The Fire Department and other crews are still at the site of Wednesday's explosion in East Harlem, where two buildings were destroyed from an apparent gas leak. An eighth body was found in the rubble yesterday. The FDNY has said, "We are still in a search and rescue mode," but a law enforcement source told the Post, "There’s always a chance. People like hope, but its not reality."

So far, seven victims have been identified: Griselde Camacho, 44; Carmen Tanco, 67; Rosaura Hernandez, 22; Andreas Panagopoulos, 43; Rosaura Barrios Vazquez, 43; Alexis Salas, 22; and George Amadeo, 44. Three people are still missing.

Less than half the debris has been searched at 1644 and 1646 Park Avenue, and firefighters were working through yesterday's freezing weather to sift through the wreckage and to fight fires that had popped up. One firefighter likened it to "working on Ground Zero again. The smoke in your face, digging through the rubble for bodies. It’s a tough job." Another described it as a "smoldering ­inferno."

Residents had complained that they smelled gas for days, weeks and even years, but many never called to make complaints (city officials are urging residents to take it seriously). On Wednesday, Con Ed received a call about a gas leak near 1652 Park Avenue at 9:13 a.m. and dispatched a crew. At 9:31, the FDNY received a call about an explosion and when firefighters arrived at 9:33 a.m., the buildings were destroyed. The Con Ed crew arrived a little after the explosion. The NY Times reports:

Two agents for the Federal Bureau of Investigation saw the blast blow out the front of the piano store located at 1646 Park Avenue, according to two city officials briefed on their statements.

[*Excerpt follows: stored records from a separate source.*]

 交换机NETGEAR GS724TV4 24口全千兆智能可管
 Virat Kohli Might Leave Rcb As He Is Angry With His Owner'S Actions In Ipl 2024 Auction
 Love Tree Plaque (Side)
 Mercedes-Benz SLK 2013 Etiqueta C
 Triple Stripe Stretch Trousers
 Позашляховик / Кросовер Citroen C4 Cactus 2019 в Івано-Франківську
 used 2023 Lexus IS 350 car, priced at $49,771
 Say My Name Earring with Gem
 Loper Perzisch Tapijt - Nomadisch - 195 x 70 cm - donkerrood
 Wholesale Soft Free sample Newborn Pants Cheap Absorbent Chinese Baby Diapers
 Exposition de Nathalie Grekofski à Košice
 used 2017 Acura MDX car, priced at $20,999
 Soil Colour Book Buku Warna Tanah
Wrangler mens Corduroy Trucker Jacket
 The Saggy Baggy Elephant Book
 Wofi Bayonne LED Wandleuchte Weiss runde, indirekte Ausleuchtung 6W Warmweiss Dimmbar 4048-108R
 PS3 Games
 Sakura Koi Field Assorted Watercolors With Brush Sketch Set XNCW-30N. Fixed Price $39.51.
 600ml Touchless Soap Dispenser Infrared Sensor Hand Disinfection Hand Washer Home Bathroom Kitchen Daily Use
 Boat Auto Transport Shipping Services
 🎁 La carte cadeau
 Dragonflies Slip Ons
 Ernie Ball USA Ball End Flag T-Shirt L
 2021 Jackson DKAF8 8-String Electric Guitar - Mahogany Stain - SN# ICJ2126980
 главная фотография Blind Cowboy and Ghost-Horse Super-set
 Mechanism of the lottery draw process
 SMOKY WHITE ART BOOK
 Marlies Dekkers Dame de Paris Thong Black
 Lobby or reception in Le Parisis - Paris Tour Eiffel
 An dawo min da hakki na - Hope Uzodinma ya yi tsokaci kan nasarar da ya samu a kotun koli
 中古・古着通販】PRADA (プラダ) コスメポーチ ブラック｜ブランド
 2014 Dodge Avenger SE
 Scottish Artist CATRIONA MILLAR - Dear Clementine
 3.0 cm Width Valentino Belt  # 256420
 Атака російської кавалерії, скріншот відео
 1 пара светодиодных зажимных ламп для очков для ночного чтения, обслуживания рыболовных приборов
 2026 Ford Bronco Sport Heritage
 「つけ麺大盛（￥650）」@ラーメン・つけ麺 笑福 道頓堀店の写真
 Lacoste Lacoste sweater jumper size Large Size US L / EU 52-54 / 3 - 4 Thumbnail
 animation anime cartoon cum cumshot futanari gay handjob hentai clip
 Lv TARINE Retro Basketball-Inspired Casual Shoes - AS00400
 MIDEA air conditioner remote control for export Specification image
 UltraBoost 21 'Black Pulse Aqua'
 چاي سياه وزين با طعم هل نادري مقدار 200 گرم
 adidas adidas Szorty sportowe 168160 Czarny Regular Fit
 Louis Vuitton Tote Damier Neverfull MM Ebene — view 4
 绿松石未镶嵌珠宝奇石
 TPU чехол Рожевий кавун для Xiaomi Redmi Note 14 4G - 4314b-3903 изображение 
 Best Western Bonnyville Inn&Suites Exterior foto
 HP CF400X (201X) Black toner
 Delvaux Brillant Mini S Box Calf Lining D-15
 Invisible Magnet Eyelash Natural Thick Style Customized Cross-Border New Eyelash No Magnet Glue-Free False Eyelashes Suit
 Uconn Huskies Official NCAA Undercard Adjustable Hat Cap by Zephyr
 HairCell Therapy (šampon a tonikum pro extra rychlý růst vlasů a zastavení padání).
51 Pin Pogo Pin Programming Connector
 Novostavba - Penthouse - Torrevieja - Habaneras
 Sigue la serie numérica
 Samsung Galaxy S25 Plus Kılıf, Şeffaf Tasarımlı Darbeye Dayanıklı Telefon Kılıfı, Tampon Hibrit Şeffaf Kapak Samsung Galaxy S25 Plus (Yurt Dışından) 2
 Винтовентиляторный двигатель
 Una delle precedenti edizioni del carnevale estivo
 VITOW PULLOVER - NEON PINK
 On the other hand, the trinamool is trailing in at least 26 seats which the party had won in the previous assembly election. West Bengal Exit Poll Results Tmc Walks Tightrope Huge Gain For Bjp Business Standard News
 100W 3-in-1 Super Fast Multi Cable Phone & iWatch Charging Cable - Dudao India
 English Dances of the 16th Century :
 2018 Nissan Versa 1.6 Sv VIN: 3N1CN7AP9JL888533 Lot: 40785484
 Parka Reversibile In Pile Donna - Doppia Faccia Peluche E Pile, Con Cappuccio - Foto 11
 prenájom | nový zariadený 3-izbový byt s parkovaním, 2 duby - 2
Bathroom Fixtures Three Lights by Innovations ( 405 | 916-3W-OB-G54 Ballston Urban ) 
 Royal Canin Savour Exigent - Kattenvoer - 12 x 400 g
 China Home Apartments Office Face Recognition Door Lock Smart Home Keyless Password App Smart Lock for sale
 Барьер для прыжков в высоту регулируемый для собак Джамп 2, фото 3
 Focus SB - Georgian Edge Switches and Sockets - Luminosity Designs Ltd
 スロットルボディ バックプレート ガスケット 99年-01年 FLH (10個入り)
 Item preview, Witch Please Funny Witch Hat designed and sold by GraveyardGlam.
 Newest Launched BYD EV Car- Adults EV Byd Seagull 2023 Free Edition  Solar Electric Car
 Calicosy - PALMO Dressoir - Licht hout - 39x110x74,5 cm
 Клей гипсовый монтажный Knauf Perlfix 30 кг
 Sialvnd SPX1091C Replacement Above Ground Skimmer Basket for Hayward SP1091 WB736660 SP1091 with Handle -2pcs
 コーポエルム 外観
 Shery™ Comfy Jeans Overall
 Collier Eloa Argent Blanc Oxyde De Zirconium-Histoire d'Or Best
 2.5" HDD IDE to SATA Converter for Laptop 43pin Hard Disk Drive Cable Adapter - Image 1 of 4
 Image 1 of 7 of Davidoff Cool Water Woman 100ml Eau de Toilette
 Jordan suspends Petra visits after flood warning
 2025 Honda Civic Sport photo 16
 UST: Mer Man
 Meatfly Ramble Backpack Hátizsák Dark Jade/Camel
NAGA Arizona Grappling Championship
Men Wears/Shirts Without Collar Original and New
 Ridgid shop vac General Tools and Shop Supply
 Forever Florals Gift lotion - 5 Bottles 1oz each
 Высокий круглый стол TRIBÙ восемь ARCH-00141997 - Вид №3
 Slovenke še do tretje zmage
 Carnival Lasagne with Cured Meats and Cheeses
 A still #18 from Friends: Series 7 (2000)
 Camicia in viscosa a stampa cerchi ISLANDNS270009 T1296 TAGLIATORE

The agents, whose vehicle happened to be at a red light almost directly in front of the buildings, said the building at 1644, which housed the Spanish Christian Church, then collapsed pancake-style, with each successive floor quickly giving way and crumbling into the floor beneath it, the officials said.

The adjacent building, 1646, was next, the walls of each floor falling like dominoes, each floor then giving way to the next.

“It certainly looked like 1644 went first, and the theory is that it must’ve emanated from the basement of 1644, based on the nontechnical investigation, based on structural damage and witness accounts,” one of the two city officials said.

The National Transportation Safety Board is also at the site, waiting to investigate gas line. Board member Robert Sumwalt said, "This is catastrophic. It’s devastating and we’ve had, obviously, a loss of life. So, it is very hard to be here. But it’s part of our job to find out what happened so that we can keep it from happening again." Notably, he said, the pipe "is still intact. That’s unlike other pipeline accidents that I’ve been to where the pipe is thrown out of a crater."